(Stored entries)
☆ ☆ ☆ ☆
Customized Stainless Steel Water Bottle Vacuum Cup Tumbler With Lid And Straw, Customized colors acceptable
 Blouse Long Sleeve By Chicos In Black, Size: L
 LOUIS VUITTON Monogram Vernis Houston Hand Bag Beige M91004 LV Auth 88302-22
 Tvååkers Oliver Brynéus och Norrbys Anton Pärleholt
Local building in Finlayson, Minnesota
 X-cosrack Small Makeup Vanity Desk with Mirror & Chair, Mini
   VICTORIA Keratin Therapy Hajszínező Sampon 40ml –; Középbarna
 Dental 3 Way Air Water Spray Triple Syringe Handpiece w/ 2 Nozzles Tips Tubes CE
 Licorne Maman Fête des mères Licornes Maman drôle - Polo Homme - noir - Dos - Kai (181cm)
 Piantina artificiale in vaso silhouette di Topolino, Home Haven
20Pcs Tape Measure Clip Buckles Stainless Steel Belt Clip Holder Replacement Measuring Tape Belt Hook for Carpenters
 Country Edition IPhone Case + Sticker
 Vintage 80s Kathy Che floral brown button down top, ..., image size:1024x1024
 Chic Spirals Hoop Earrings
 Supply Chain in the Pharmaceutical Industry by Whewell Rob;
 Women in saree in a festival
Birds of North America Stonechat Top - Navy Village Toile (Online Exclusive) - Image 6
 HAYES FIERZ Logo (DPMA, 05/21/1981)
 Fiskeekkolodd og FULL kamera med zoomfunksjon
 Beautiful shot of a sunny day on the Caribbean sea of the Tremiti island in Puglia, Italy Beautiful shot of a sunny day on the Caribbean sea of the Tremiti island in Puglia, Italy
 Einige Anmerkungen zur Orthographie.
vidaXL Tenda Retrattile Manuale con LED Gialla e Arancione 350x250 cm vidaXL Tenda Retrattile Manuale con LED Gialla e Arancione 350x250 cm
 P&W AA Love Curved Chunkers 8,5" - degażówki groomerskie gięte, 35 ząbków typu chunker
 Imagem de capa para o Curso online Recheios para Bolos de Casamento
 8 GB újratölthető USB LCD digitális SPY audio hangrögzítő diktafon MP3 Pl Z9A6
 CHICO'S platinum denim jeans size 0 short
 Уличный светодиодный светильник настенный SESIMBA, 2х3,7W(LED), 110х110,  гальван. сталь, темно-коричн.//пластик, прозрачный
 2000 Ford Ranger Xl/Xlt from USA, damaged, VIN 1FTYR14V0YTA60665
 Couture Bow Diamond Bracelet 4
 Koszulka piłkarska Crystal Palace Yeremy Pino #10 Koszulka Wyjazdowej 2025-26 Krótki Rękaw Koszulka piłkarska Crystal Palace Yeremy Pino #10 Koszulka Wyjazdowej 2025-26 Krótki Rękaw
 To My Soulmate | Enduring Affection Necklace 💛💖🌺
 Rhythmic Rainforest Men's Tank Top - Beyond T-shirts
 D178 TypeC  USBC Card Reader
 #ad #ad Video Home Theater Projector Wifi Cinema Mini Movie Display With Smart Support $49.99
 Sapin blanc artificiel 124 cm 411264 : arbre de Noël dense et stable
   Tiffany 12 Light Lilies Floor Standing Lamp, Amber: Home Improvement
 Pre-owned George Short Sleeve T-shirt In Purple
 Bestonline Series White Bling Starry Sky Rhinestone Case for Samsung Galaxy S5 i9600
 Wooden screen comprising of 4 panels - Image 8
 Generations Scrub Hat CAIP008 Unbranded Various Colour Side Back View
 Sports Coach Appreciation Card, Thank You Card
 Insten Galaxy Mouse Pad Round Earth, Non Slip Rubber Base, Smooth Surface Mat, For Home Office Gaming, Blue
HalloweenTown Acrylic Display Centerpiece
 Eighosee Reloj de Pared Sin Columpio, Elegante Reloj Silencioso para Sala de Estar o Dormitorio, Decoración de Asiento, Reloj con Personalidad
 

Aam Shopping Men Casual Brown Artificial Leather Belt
☆ ☆ ☆ ☆
* PROBLEM TO SOLVE
Take the line above containing "Women in saree in a festival", the line containing "P&W AA Love", and all lines in between, and copy them exactly without anything else.

* ANSWER SECTION
 Women in saree in a festival
Birds of North America Stonechat Top - Navy Village Toile (Online Exclusive) - Image 6
 HAYES FIERZ Logo (DPMA, 05/21/1981)
 Fiskeekkolodd og FULL kamera med zoomfunksjon
 Beautiful shot of a sunny day on the Caribbean sea of the Tremiti island in Puglia, Italy Beautiful shot of a sunny day on the Caribbean sea of the Tremiti island in Puglia, Italy
 Einige Anmerkungen zur Orthographie.
vidaXL Tenda Retrattile Manuale con LED Gialla e Arancione 350x250 cm vidaXL Tenda Retrattile Manuale con LED Gialla e Arancione 350x250 cm
 P&W AA Love Curved Chunkers 8,5" - degażówki groomerskie gięte, 35 ząbków typu chunker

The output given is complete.